IRRESPONSIBLE POLITICAL STATEMENTS CAN DERAIL ECO GROWTH - PCCI
MANILA, May 23, 2005 (STAR) By Christina M. Mendez - The recent controversy on jueteng might cause political uncertainty in the Arroyo administration that could derail anew the country’s economic growth, the Philippine Chamber of Commerce and Industry (PCCI) said.
PCCI president Donald Dee said statements coming from some members of the political opposition might again prompt investors to review their options from the Philippines because of the recent attacks on President Arroyo’s leadership, worsened by accusations that First Gentleman Jose Miguel Arroyo and his son, Pampanga Gov. Mikey Arroyo, are on the take on jueteng.
Dee warned that any fallout arising from the recent attacks on the administration would shatter the country’s business environment since new investments might be reconsidered that would eventually mean lost opportunities and decrease in productive capital in the economy.
Dee noted a similar view was raised by a European Commission (EC) representative to the Philippines on persistent rumors of destabilization against the government are not helping at all.

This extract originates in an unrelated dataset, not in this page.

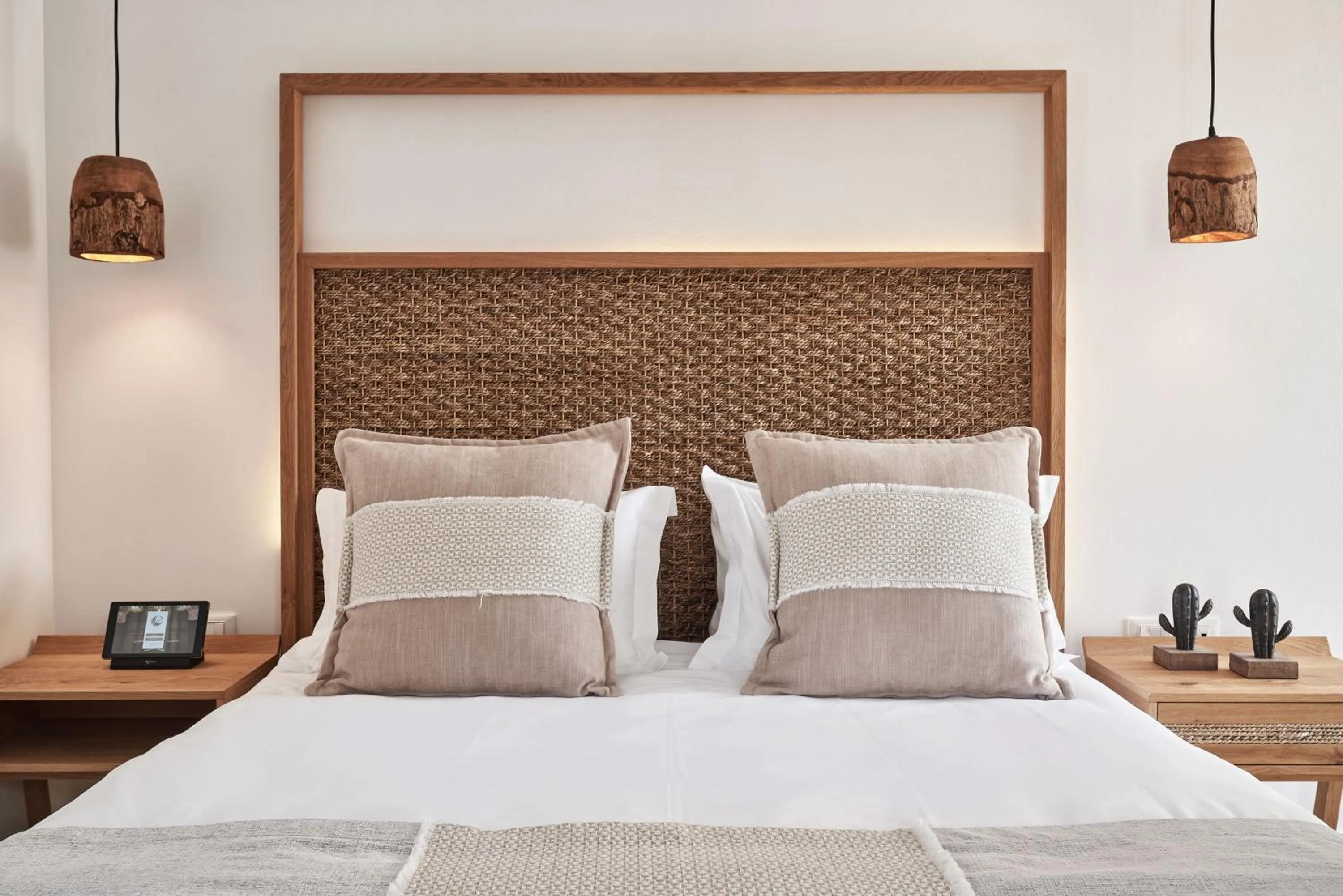 Bed in Volcano Luxury Suites Milos - Adults Only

"At this point, we have noted heartening signs that the Philippines is on the right track. Our April cash flow for government operations is positive; the E-VAT, while not a perfect bill has been passed, and this shows the administration’s serious intent to solve the fiscal crisis," Dee said.
Dee said the government’s sincerity in winning peace with the Moro Islamic Liberation Front (MILF) and other groups and, by and large, the oil price crisis has been acceptably handled. These three recent positive developments gave investors new interest in the country.

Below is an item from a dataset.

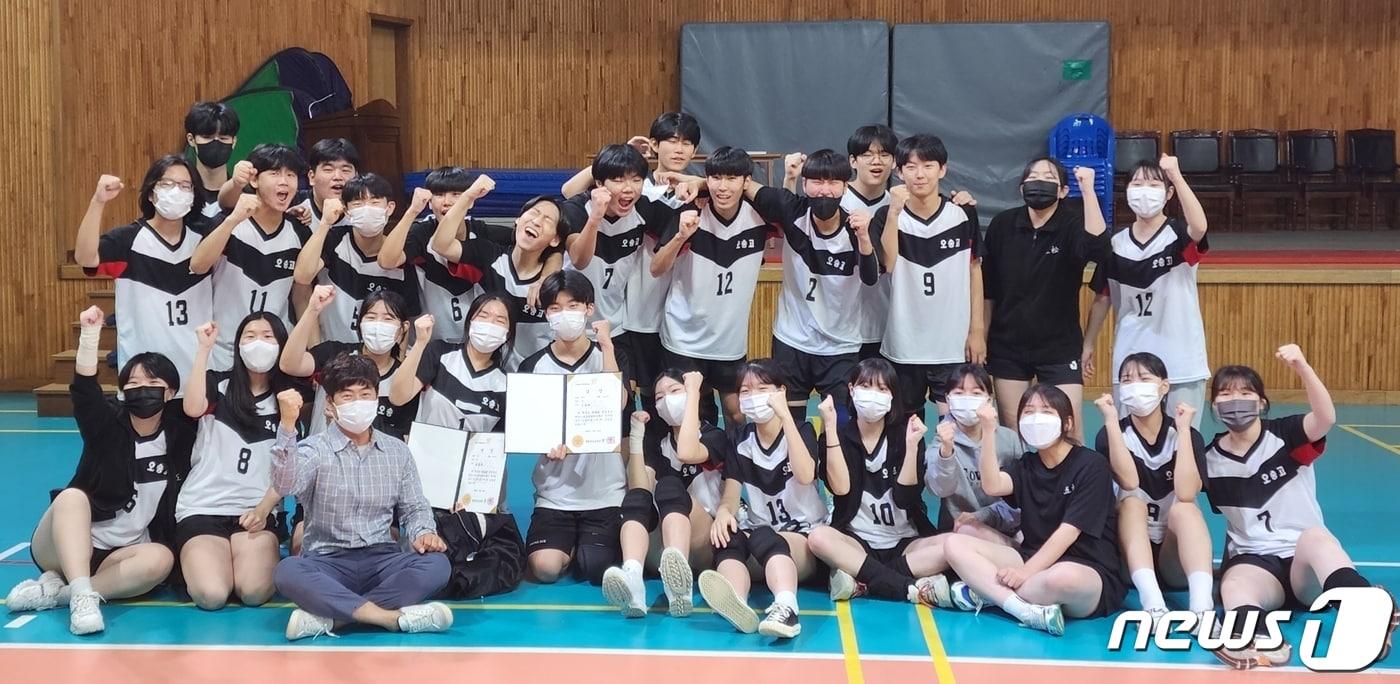청주 오송고등학교(교장 조선진)는 28회 충북학교스포츠클럽 배구대회에서 남·여고등부 동반 우승을 달성했다(충북교육청 제공) / 뉴스1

However, Dee said the positive perception by investors might be reversed by the negative reports coming out in the media amid accusations that the President’s husband and their son are receiving millions of payola from the illegal jueteng operations.
In a statement, Dee also sought the help of the media in reporting the controversial issue of jueteng. "I don’t think we can blame the media so much because they are only reporting this, although there is definitely room to exercise more prudence in reporting," he said.
Dee also issued an appeal to the politicians concerned to "behave in a more responsible manner and refrain from issuing inflammatory, unsubstantiated statements that project our country in a highly-negative light."
But Sen. Juan Ponce Enrile challenged the witnesses implicating members of the First Family in taking huge payoffs from jueteng operations to show proof that they indeed benefited from jueteng.
"If they cannot show proof then we should stop conducting any probe on the matter and instead ask the Philippine National Police to heighten its campaign to weed out illegal gambling," Enrile said in a recent interview.
Enrile, along with another opposition Sen. Edgardo Angara, also batted for the legalization of jueteng which operations remained unabated despite various government campaign against it.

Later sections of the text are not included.